DIRECTIONS:
Nothing but the pictures should be left out when the entries below are duplicated.

:::

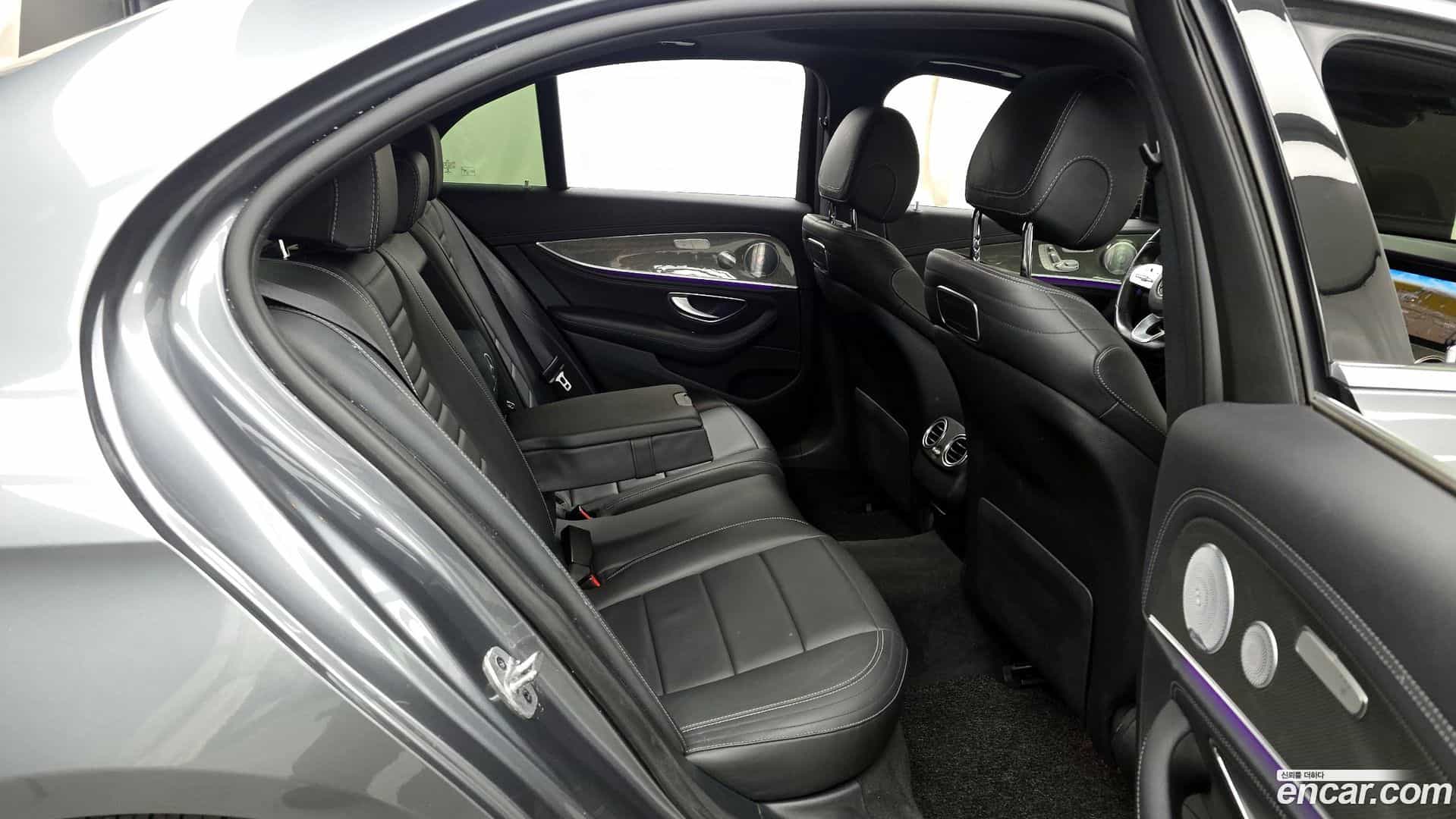 E-Class Mercedes-Benz 2019.10-OPTION-016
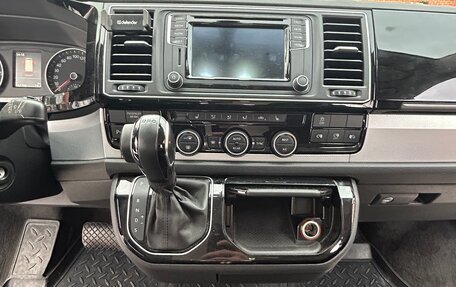 Volkswagen Multivan T6 рестайлинг, 2015 год, 3 850 000 рублей, 17 фотография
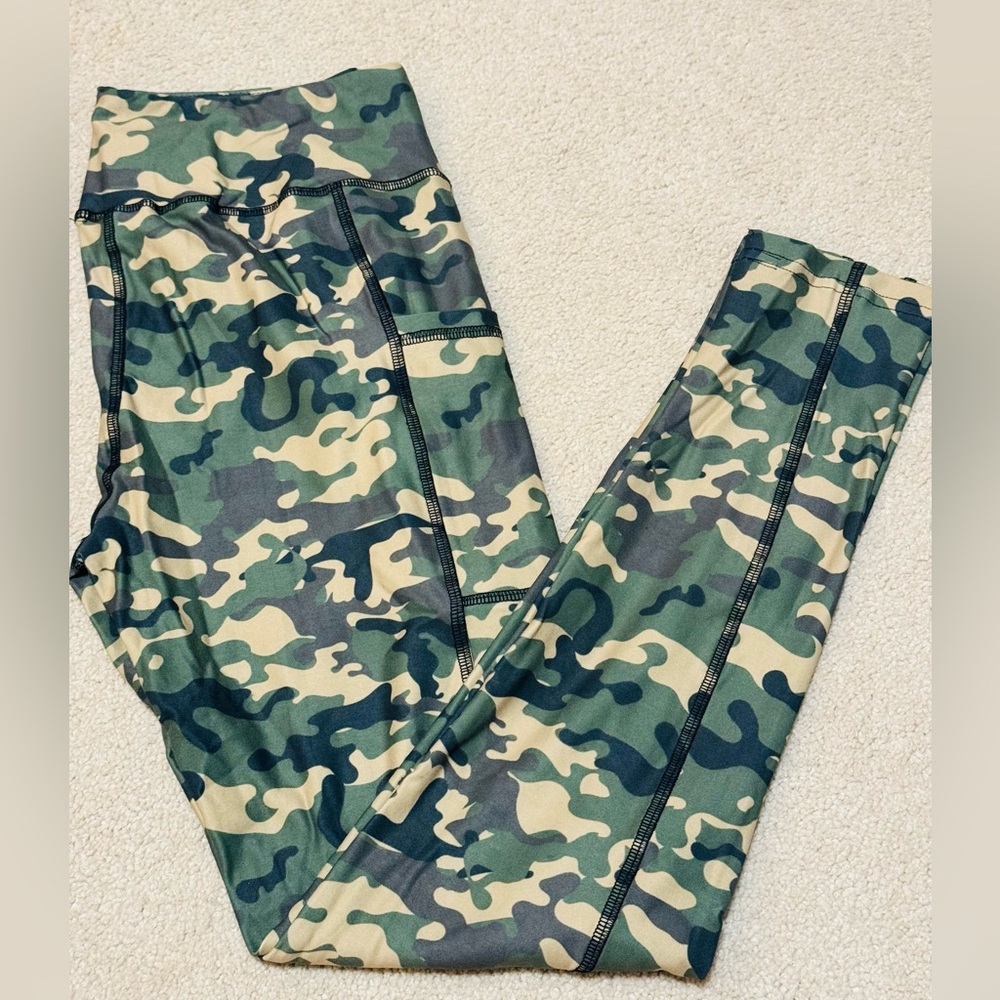 Camo Square Pocket Leggings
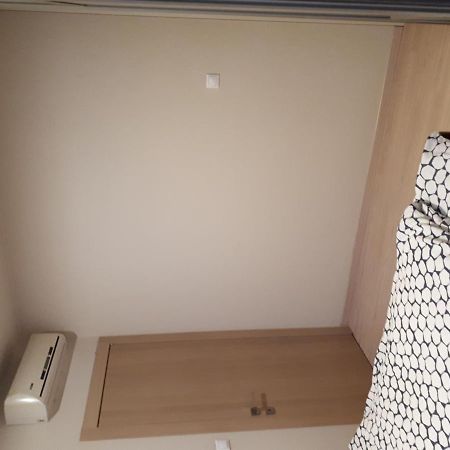 Utulny Apartman V Bratislava 15 Bagian luar foto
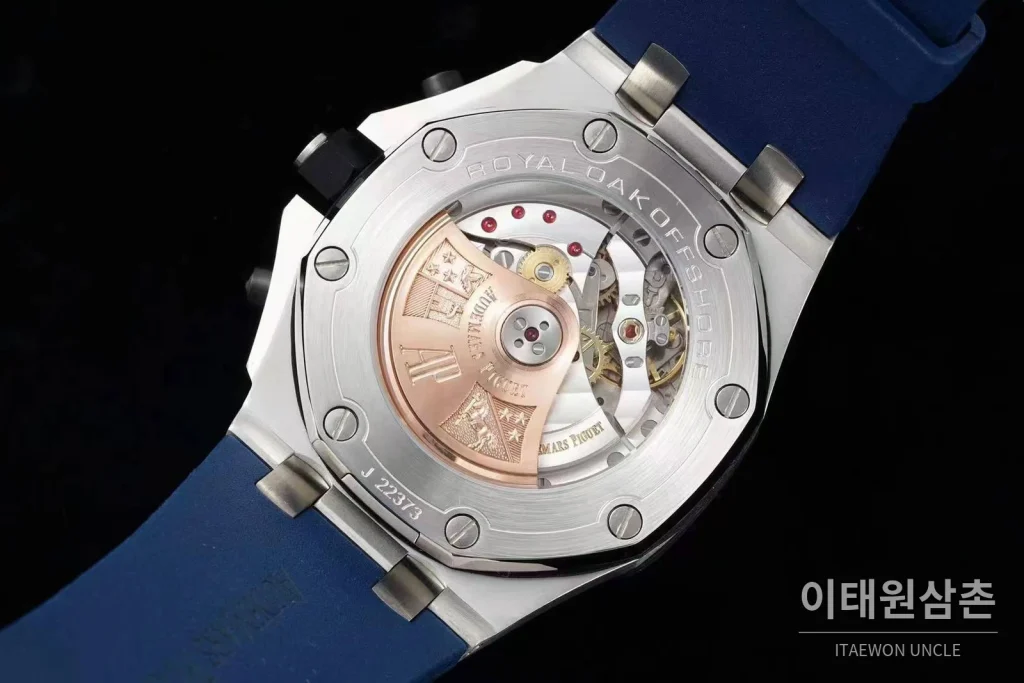 오데마피게 로열오크오프쇼어 스틸 블루다이얼 크로노그래프 오토매틱 42mm 블루 러버 스트랩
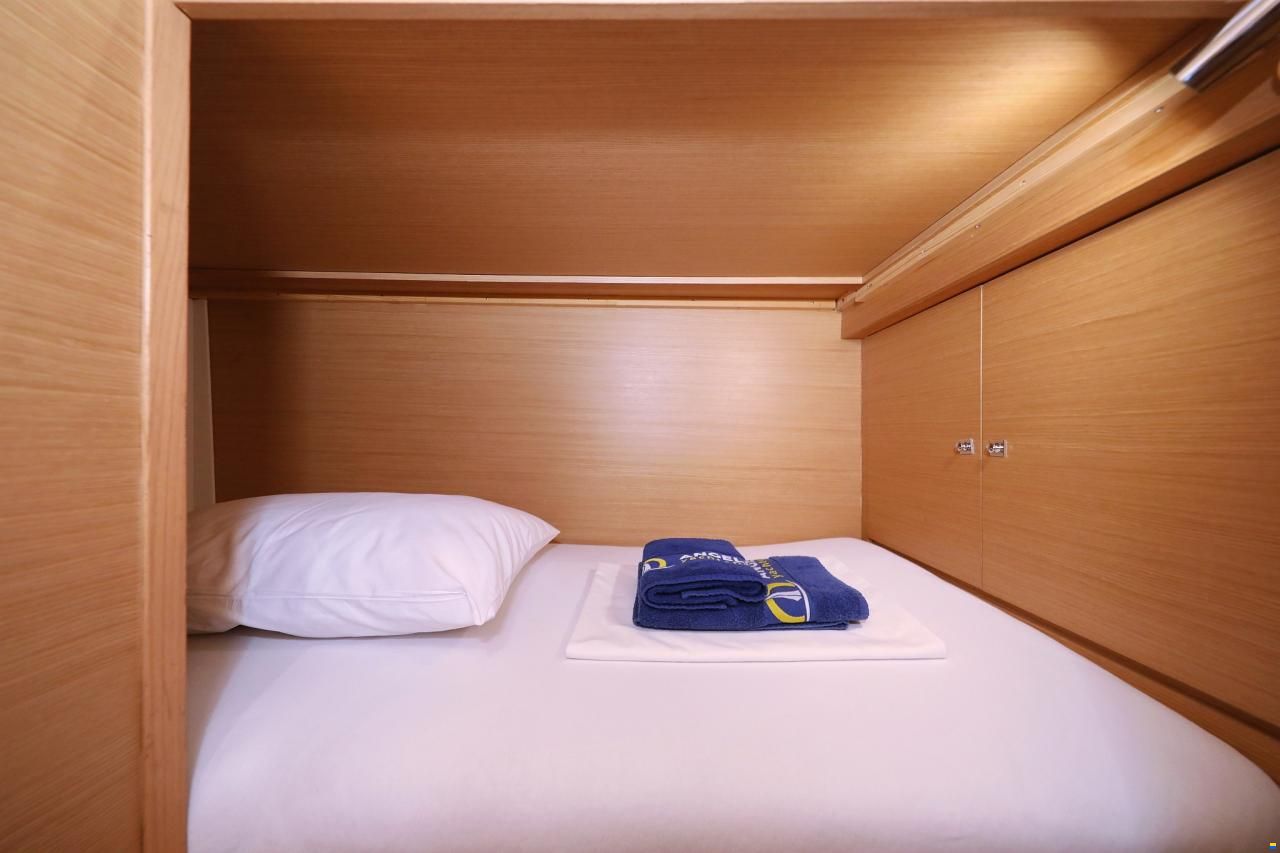 Dufour Catamarans 48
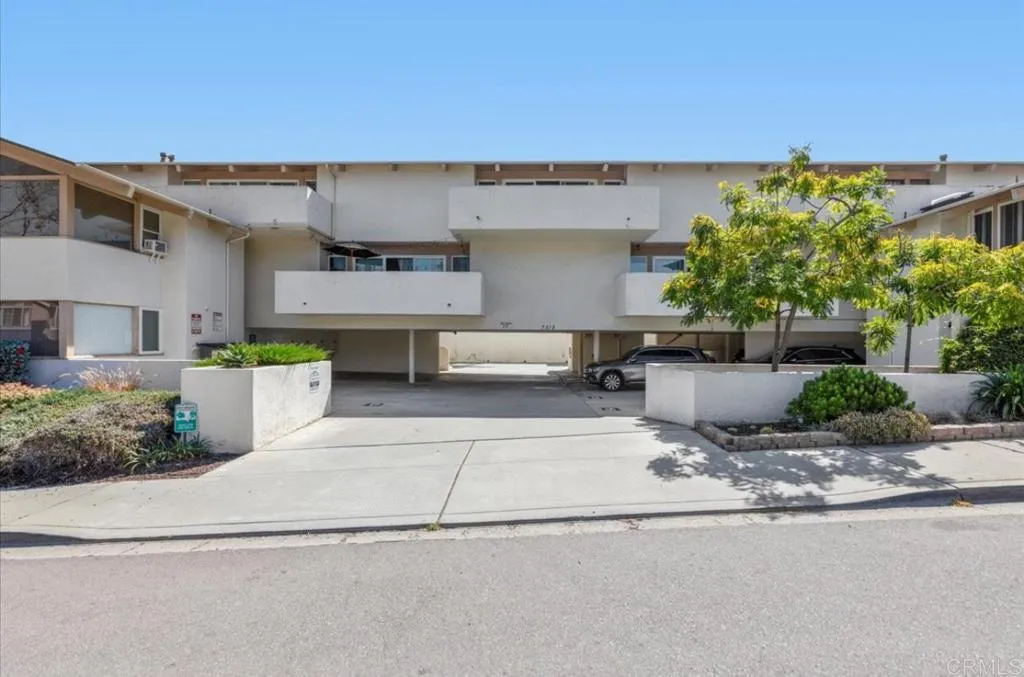 7512 Viejo Castilla Unit 21, Carlsbad Unit: 21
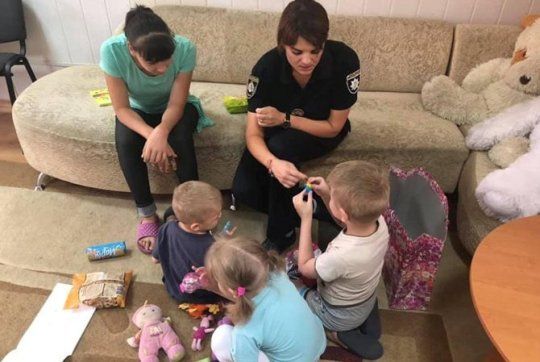 Anak-anak yang diadopsi oleh Zhitnik kini tengah menjalani rehabilitasi di pusat rehabilitasi anak-anak.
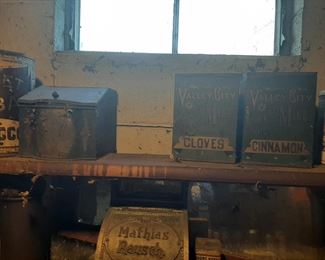 Many collectable tins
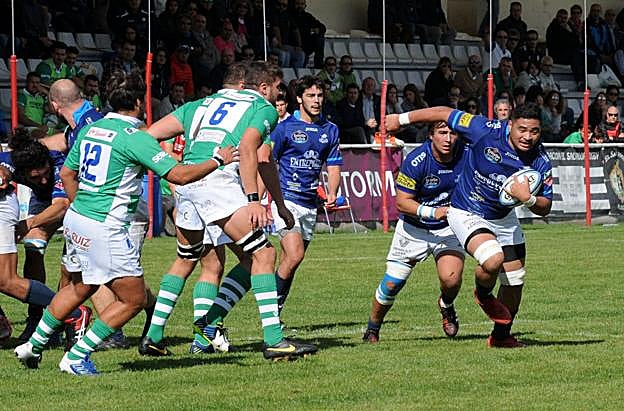 Nathan Paila lleva el balón para el Quesos en el partido entre los pucelanos y el Senor del pasado 22 de octubre en el Pepe Rojo de Valladolid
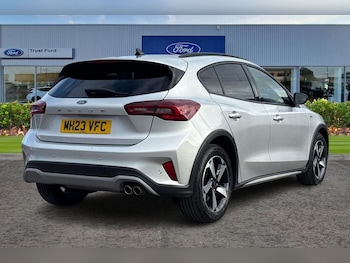 Used Ford Focus 2023 for sale - 77106510: Photo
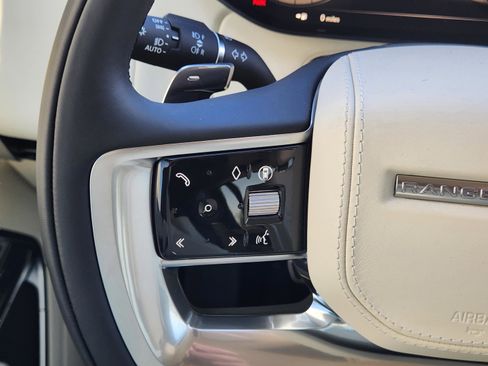 New 2026 Land Rover Range Rover Long Wheelbase SE image 28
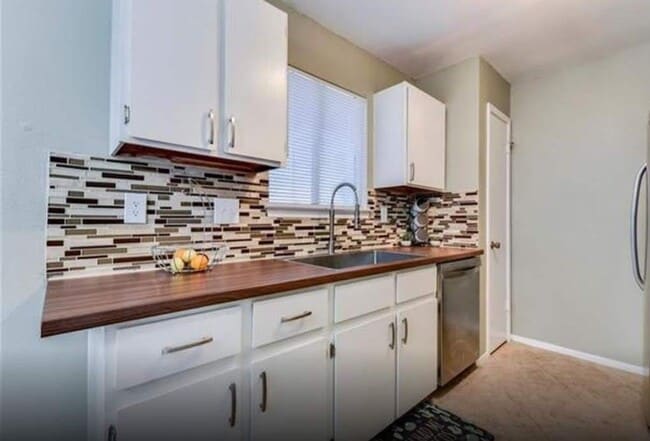 Building Photo - 508 Edwards Dr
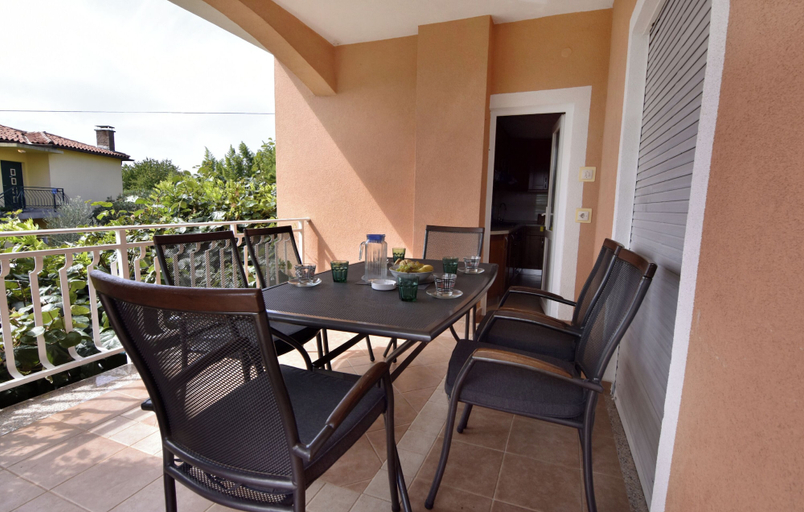 Balcony 4, Precious Accommodation for Four Guests in Umag, Umag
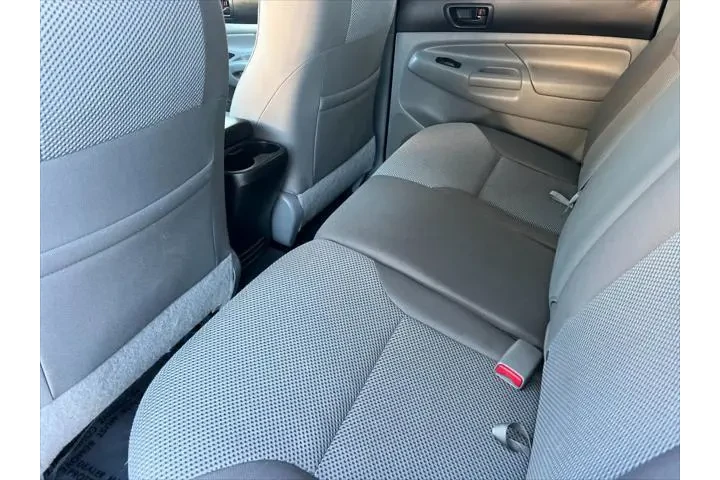 $25799 : Toyota Tacoma 2015 4x4 V6 4d image 5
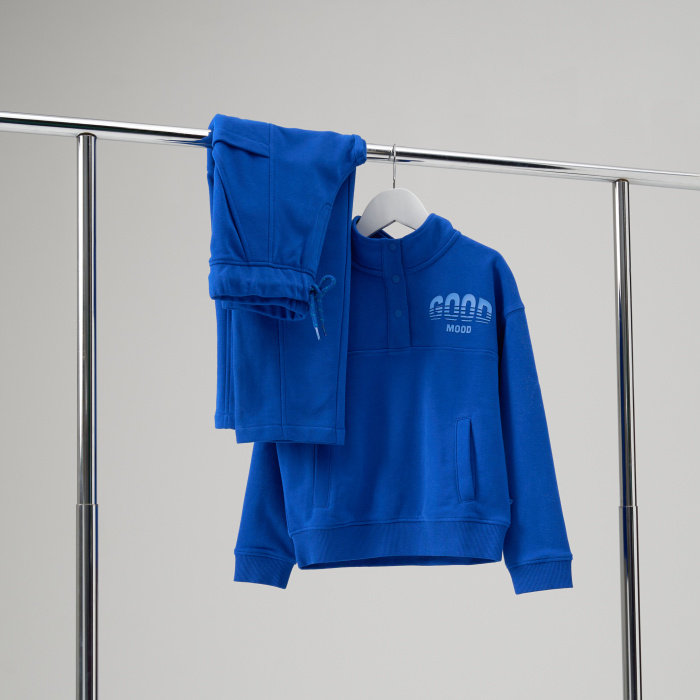 Син суитшърт с яка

:::

ANSWER TO THE PROBLEM:
 E-Class Mercedes-Benz 2019.10-OPTION-016
 Volkswagen Multivan T6 рестайлинг, 2015 год, 3 850 000 рублей, 17 фотография
 Camo Square Pocket Leggings
 Utulny Apartman V Bratislava 15 Bagian luar foto
 오데마피게 로열오크오프쇼어 스틸 블루다이얼 크로노그래프 오토매틱 42mm 블루 러버 스트랩
 Dufour Catamarans 48
 7512 Viejo Castilla Unit 21, Carlsbad Unit: 21
 Anak-anak yang diadopsi oleh Zhitnik kini tengah menjalani rehabilitasi di pusat rehabilitasi anak-anak.
 Many collectable tins
 Nathan Paila lleva el balón para el Quesos en el partido entre los pucelanos y el Senor del pasado 22 de octubre en el Pepe Rojo de Valladolid
 Used Ford Focus 2023 for sale - 77106510: Photo
 New 2026 Land Rover Range Rover Long Wheelbase SE image 28
 Building Photo - 508 Edwards Dr
 Balcony 4, Precious Accommodation for Four Guests in Umag, Umag
 $25799 : Toyota Tacoma 2015 4x4 V6 4d image 5
 Син суитшърт с яка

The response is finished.